Nature and sustainability are heavily emphasized in the infrastructure’s design; the Terminal Modernization Program is among the most sustainable in the industry as officials seek Leadership in Energy and Environmental Design certification at the silver level or beyond. It will also be completely powered by the airport’s microgrid, which is comprised of 10,000 solar panels and five natural gas generators fueled by onsite wells, according to Paul Hoback, chief development officer at the Allegheny County Airport Authority.
“During construction, a minimum of 75% of waste generated will be recycled or reused,” he says.
Those materials include concrete that will become some base material from existing airfield ramps that will be reused for new roads. Additional plans include rainwater harvesting and other water conservation efforts.
Cassotis says Pittsburgh International Airport is the first airport in the world to be off the grid, reducing its carbon footprint in these ways.
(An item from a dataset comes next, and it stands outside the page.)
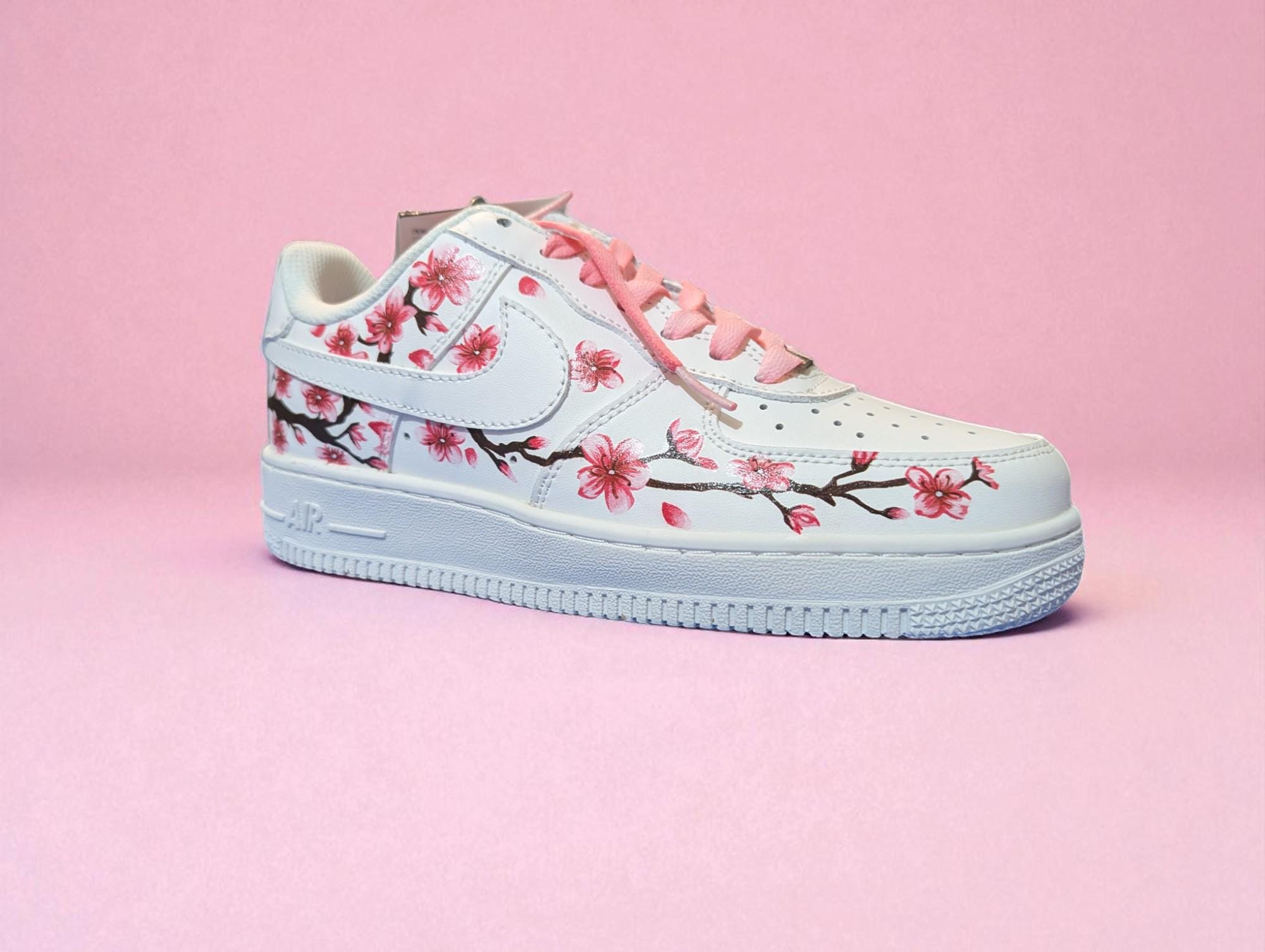 af1 sakura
Terminal and parking facilities will also feature leading-edge technology and highlight innovation in the community. The project will be led by a Pittsburgh family-owned contractor, Mascaro Construction, which built Heinz Field, Dick’s Sporting Goods Headquarters and University of Pittsburgh’s Biomedical Science Tower. Construction will require more than 12,000 tons of steel, 94,000 tons of concrete and more than 354,000 square feet of wood materials, much of which the airport will source locally.
“It has always been a project that is meant to be for and built by Pittsburghers,” Cassotis says. “The people building it are going to be your neighbors and your friends.”